Exercise brief
Reproduce exactly, from the data that follows, the line with "热火向戈尔金报价双向合同受限制自由球员身份引关注", the line with "tree removal at Bass Lake", and every line that lies between them.

Web page caption snippets
====
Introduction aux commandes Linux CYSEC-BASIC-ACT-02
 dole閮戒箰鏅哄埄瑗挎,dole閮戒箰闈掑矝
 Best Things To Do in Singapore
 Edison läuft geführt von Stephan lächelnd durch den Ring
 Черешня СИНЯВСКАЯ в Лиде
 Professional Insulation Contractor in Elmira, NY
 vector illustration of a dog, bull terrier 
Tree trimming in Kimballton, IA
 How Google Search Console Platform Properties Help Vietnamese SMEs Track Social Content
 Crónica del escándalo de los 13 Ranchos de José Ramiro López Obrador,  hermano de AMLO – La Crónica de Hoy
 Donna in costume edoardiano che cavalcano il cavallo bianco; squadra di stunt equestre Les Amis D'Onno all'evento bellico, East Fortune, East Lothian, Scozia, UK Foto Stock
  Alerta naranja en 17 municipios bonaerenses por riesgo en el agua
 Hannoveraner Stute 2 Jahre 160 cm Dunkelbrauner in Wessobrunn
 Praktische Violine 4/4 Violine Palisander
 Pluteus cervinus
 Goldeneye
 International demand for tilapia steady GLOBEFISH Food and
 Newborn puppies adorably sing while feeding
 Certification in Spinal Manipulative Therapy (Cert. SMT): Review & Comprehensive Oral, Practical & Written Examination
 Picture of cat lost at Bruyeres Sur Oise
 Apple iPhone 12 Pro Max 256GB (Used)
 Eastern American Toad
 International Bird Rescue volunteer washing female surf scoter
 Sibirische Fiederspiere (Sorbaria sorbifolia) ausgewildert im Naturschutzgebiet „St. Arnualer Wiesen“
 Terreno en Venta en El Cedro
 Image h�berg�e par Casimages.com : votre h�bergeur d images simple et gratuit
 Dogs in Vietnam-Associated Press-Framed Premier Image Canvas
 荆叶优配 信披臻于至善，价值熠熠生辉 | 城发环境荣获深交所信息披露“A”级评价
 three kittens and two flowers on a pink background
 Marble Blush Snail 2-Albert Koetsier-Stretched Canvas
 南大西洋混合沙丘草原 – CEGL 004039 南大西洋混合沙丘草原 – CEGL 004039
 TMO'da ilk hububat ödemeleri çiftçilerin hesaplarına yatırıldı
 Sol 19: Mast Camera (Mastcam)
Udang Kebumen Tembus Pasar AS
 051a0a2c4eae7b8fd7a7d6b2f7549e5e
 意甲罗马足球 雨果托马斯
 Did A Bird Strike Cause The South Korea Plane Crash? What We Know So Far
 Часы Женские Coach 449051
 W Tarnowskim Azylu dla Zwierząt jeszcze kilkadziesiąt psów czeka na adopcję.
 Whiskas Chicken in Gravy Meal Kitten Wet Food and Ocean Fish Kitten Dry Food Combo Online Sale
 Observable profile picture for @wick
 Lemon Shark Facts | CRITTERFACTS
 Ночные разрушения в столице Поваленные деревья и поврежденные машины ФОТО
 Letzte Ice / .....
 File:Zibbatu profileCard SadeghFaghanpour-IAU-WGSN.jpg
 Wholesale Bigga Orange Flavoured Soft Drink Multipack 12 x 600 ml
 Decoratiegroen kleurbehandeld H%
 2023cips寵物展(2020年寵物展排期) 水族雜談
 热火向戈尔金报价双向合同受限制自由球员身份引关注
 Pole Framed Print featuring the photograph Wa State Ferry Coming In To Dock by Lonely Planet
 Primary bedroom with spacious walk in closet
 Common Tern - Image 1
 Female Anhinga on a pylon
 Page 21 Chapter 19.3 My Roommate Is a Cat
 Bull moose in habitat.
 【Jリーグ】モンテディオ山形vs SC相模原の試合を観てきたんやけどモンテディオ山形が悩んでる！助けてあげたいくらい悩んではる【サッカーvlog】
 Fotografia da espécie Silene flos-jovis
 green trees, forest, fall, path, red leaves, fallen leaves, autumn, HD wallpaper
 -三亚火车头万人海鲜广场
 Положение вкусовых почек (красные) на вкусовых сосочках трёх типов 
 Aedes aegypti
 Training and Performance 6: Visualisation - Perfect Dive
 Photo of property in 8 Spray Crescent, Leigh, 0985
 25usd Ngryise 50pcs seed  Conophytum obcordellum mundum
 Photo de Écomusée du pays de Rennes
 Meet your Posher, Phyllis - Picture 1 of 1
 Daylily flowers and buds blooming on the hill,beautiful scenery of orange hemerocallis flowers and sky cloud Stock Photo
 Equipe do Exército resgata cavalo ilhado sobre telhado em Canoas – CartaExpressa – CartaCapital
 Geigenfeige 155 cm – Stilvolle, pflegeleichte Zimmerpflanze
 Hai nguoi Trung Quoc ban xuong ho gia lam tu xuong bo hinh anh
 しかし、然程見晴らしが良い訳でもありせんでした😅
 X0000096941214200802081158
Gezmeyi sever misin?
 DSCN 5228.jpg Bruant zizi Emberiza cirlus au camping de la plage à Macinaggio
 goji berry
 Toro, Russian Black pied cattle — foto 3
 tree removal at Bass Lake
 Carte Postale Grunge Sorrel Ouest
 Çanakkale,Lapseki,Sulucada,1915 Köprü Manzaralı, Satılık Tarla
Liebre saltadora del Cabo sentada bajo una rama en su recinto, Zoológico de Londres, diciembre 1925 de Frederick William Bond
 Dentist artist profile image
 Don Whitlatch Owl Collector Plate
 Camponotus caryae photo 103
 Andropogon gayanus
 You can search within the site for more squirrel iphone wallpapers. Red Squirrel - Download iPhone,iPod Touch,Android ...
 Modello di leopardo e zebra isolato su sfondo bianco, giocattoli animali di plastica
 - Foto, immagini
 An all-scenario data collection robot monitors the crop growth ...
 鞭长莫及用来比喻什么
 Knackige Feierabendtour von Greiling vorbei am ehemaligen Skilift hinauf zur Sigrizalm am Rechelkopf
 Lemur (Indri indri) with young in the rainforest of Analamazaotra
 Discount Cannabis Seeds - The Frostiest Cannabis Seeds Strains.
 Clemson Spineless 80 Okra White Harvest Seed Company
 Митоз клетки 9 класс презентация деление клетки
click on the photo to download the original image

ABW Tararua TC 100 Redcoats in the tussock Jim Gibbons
====
Response to the task
 热火向戈尔金报价双向合同受限制自由球员身份引关注
 Pole Framed Print featuring the photograph Wa State Ferry Coming In To Dock by Lonely Planet
 Primary bedroom with spacious walk in closet
 Common Tern - Image 1
 Female Anhinga on a pylon
 Page 21 Chapter 19.3 My Roommate Is a Cat
 Bull moose in habitat.
 【Jリーグ】モンテディオ山形vs SC相模原の試合を観てきたんやけどモンテディオ山形が悩んでる！助けてあげたいくらい悩んではる【サッカーvlog】
 Fotografia da espécie Silene flos-jovis
 green trees, forest, fall, path, red leaves, fallen leaves, autumn, HD wallpaper
 -三亚火车头万人海鲜广场
 Положение вкусовых почек (красные) на вкусовых сосочках трёх типов 
 Aedes aegypti
 Training and Performance 6: Visualisation - Perfect Dive
 Photo of property in 8 Spray Crescent, Leigh, 0985
 25usd Ngryise 50pcs seed  Conophytum obcordellum mundum
 Photo de Écomusée du pays de Rennes
 Meet your Posher, Phyllis - Picture 1 of 1
 Daylily flowers and buds blooming on the hill,beautiful scenery of orange hemerocallis flowers and sky cloud Stock Photo
 Equipe do Exército resgata cavalo ilhado sobre telhado em Canoas – CartaExpressa – CartaCapital
 Geigenfeige 155 cm – Stilvolle, pflegeleichte Zimmerpflanze
 Hai nguoi Trung Quoc ban xuong ho gia lam tu xuong bo hinh anh
 しかし、然程見晴らしが良い訳でもありせんでした😅
 X0000096941214200802081158
Gezmeyi sever misin?
 DSCN 5228.jpg Bruant zizi Emberiza cirlus au camping de la plage à Macinaggio
 goji berry
 Toro, Russian Black pied cattle — foto 3
 tree removal at Bass Lake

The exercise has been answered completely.